◆ Task statement ◆
Every line that contains "with" must be located and copied from the data.

◆ Study material ◆
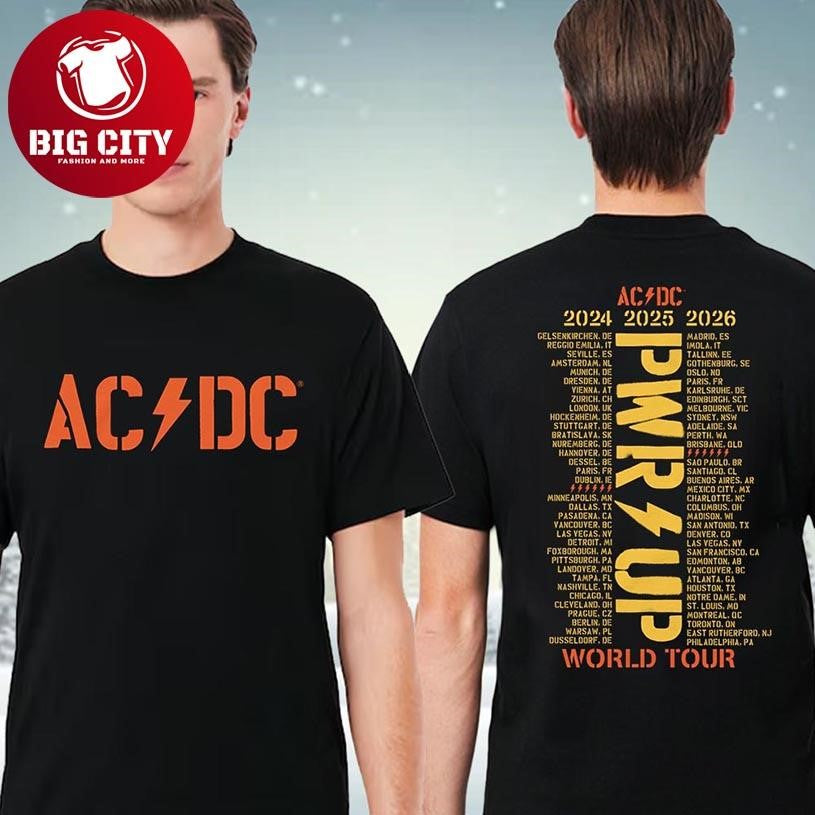 AC DC PWR UP World Tour Dates And Places 2024-2026 Two Sided Shirt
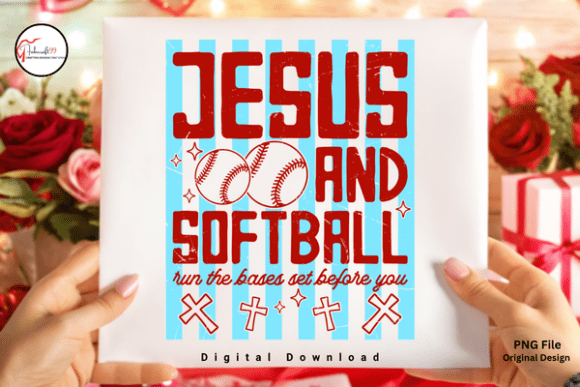 Faith Sport Quote Jesus & Softball PNG — T-Shirt Designs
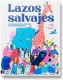 LAZOS SALVAJES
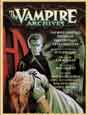 `The Vampire Archives: The Most Complete Volume of Vampire Tales Ever Published`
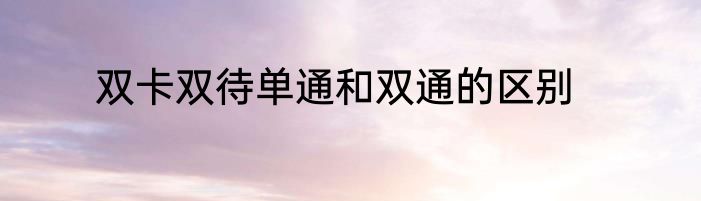 双卡双待单通和双通的区别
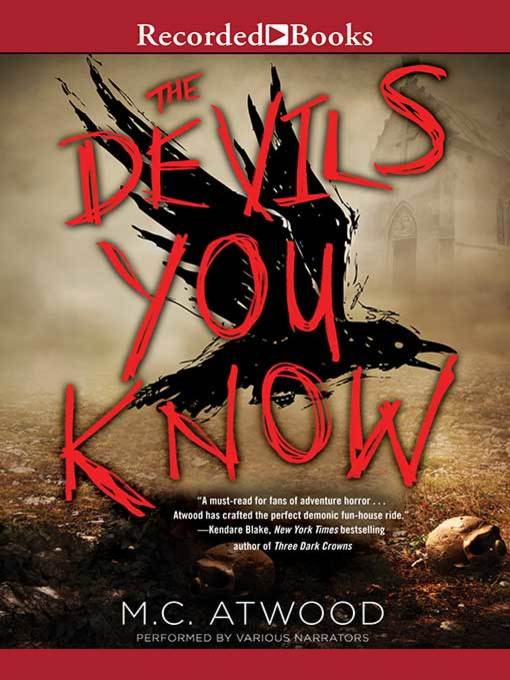 Title details for The Devils You Know by M.C. Atwood - Wait list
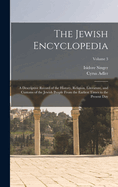 The Jewish Encyclopedia: A Descriptive Record of the History, Religion, Literature, and Customs of the Jewish People From the Earliest Times to the Present day; Volume 3
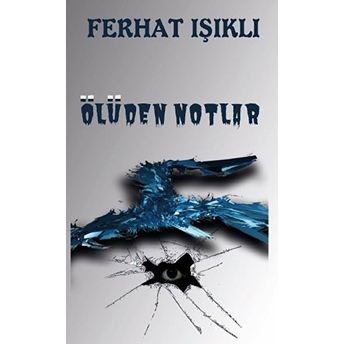 Ölüden Notlar - Ferhat Işıklı - Ferhat Işıklı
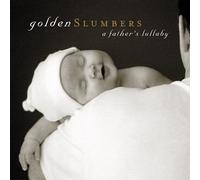 Compilation - Golden Slumbers - A Father'S Lullaby
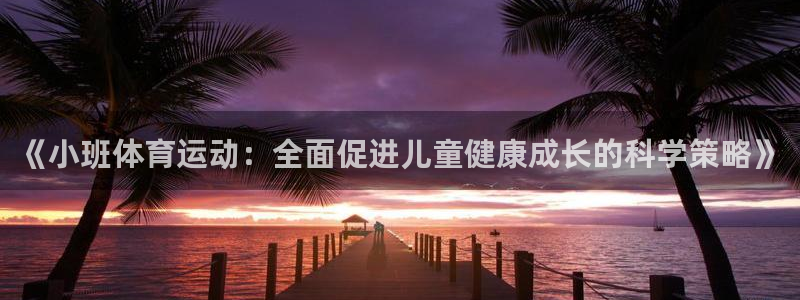 球速体育：《小班体育运动：全面促进儿童健康成长的科学策略》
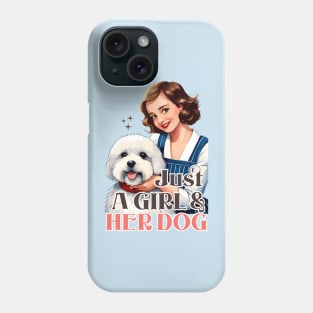 Just a Girl and Her Dog Phone Case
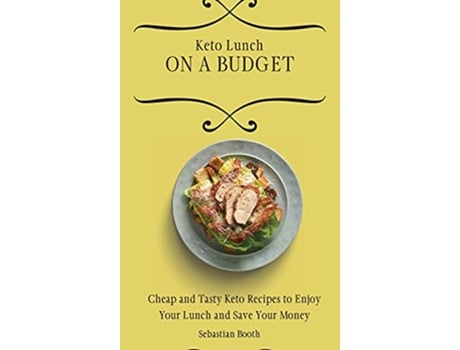 Livro Keto Lunch on a Budget Cheap and Tasty Keto Recipes to Enjoy Your Lunch and Save Your Money de Sebastian Booth (Inglês)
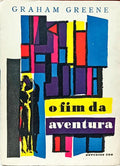 O FIM DA AVENTURA. [2.ª EDIÇÃO]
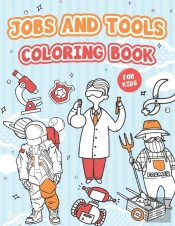 Jobs And Tools Coloring Book For Kids
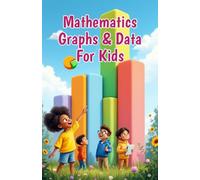Mathematics Graphs and Data for Kids: A Beginner's Guide to Charts, Pictographs, Bar Graphs, Line Graphs, Pie Charts, Mean, Median, Mode and Collecting Data: 14 (Mathematics Basic For Kids)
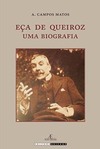 Eça de Queiroz: uma biografia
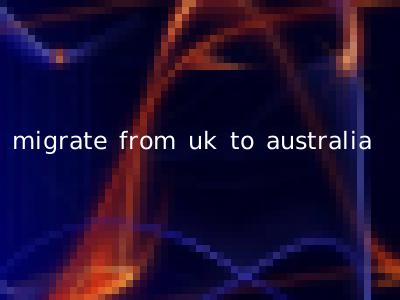 migrate from uk to australia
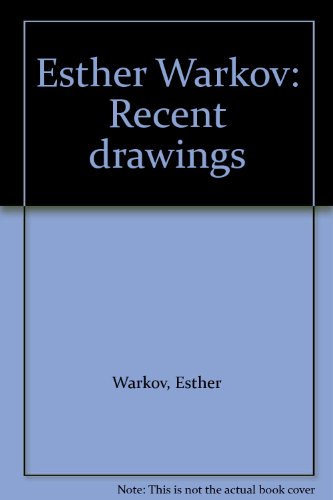 Beispielbild fr Esther Warkov: Recent Drawings zum Verkauf von Spafford Books (ABAC / ILAB)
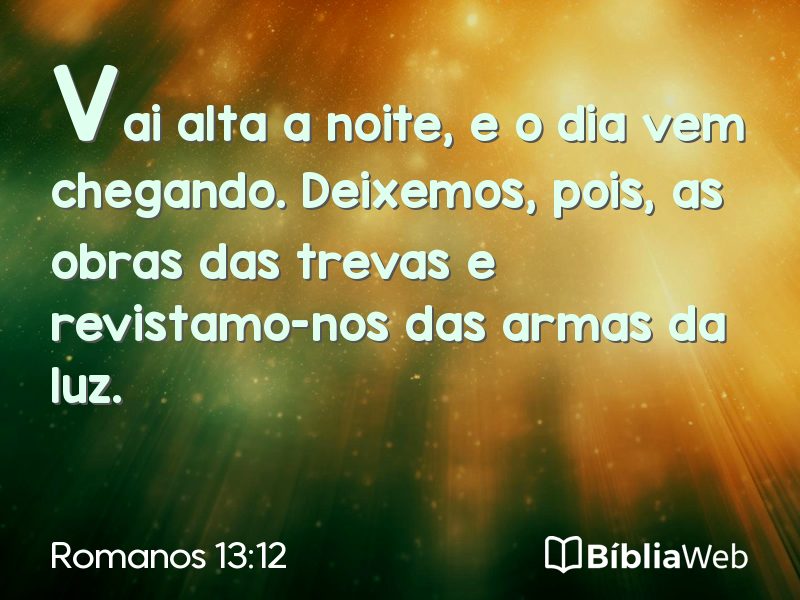 Romanos 13:12 em imagem para compartilhar
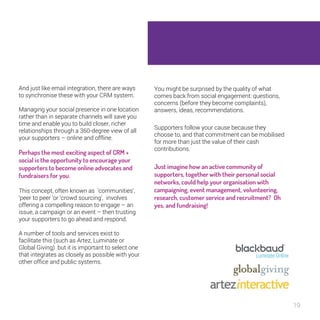 19 
And just like email integration, there are ways 
to synchronise these with your CRM system. 
Managing your social presence in one 
location rather than in separate channels will 
save you time and enable you to build closer, 
richer relationships through a 360-degree 
view of all your supporters – online and 
offline. 
Perhaps the most exciting aspect of 
CRM + social is the opportunity to 
encourage your supporters to become 
online advocates and fundraisers for 
you. 
This concept, often known as ‘communities’, 
‘peer to peer ’or ‘crowd sourcing’, involves 
offering a compelling reason to engage – an 
issue, a campaign or an event – then trusting 
your supporters to go ahead and respond. 
A number of tools and services exist to 
facilitate this (such as Artez, Luminate or 
Global Giving) but it is important to select one 
that integrates as closely as possible with 
your other office and public systems. 
You might be surprised by the quality of what 
comes back from social engagement: questions, 
concerns (before they become complaints), 
answers, ideas, recommendations. 
Supporters follow your cause because they 
choose to, and that commitment can be mobilised 
for more than just the value of their cash 
contributions. 
Just imagine how an active community of 
supporters, together with their personal 
social networks, could help your 
organisation with campaigning, event 
management, volunteering, research, 
customer service and recruitment? Oh 
yes, and fundraising! 
 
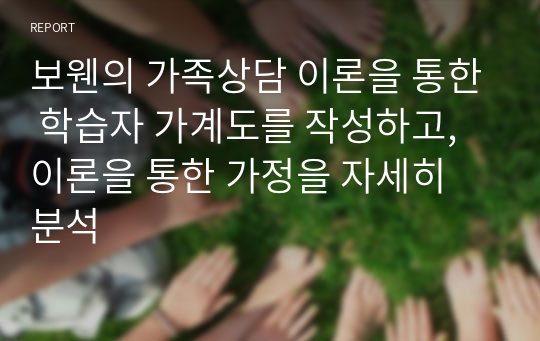 보웬의 가족상담 이론을 통한 학습자 가계도를 작성하고, 이론을 통한 가정을 자세히 분석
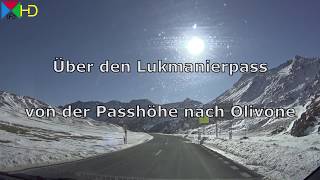 Passfahrt von der Lukmanierpasshöhe bis Olivone TI [HD]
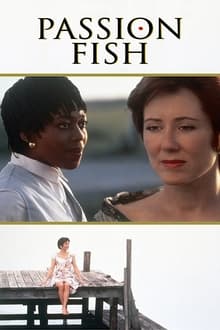 Passion Fish movie poster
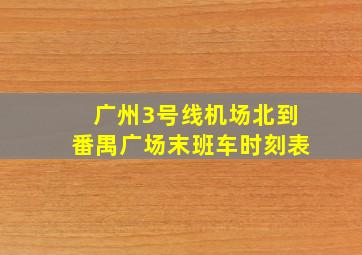 广州3号线机场北到番禺广场末班车时刻表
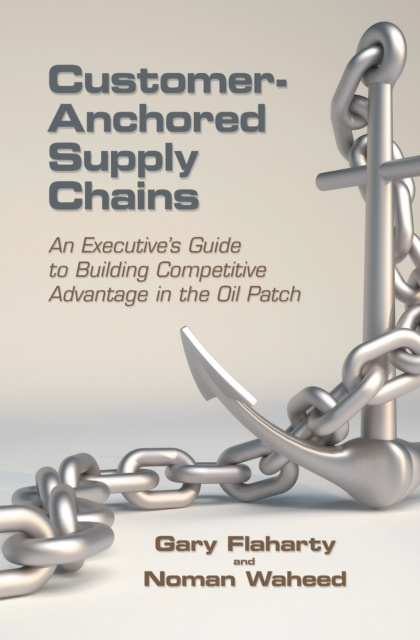 E-knjiga Customer-Anchored Supply Chains Gary Flaharty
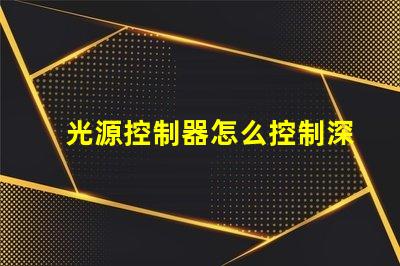 光源控制器怎么控制深入解析光源控制器的操作和技術(shù)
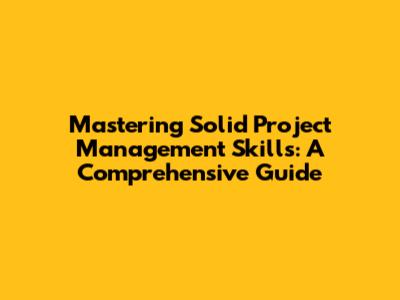 Mastering Solid Project Management Skills: A Comprehensive Guide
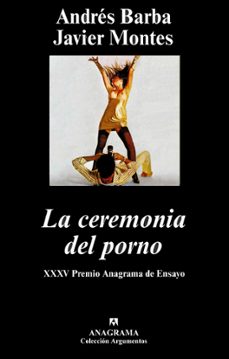 la ceremonia del porno-javier alejo montes-andres barba-9788433962591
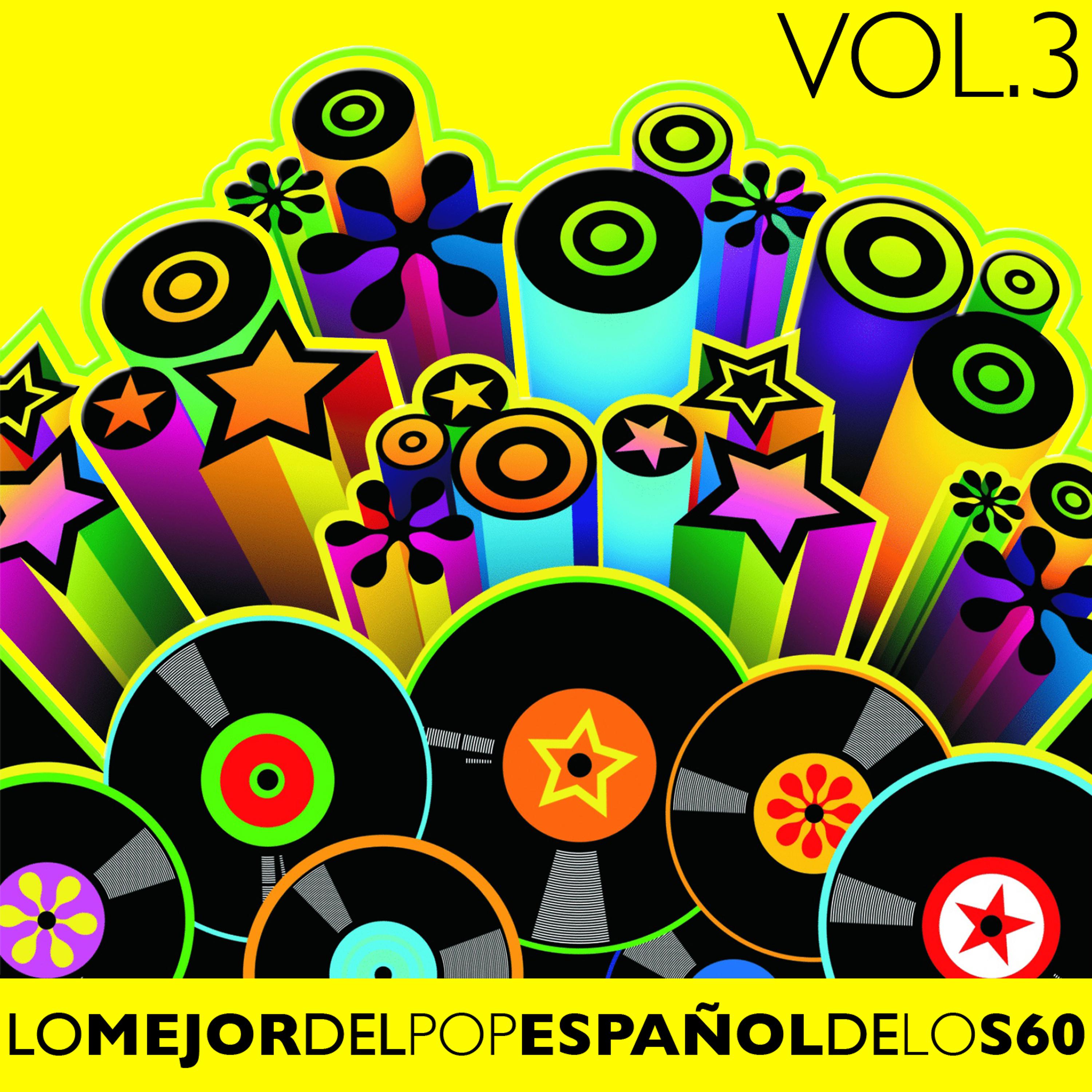 Постер альбома Lo Mejor del Pop Español de los 60 Vol. 3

◆ Reply to the exercise ◆
to synchronise these with your CRM system. 
that integrates as closely as possible with 
supporters, together with their personal 
organisation with campaigning, event 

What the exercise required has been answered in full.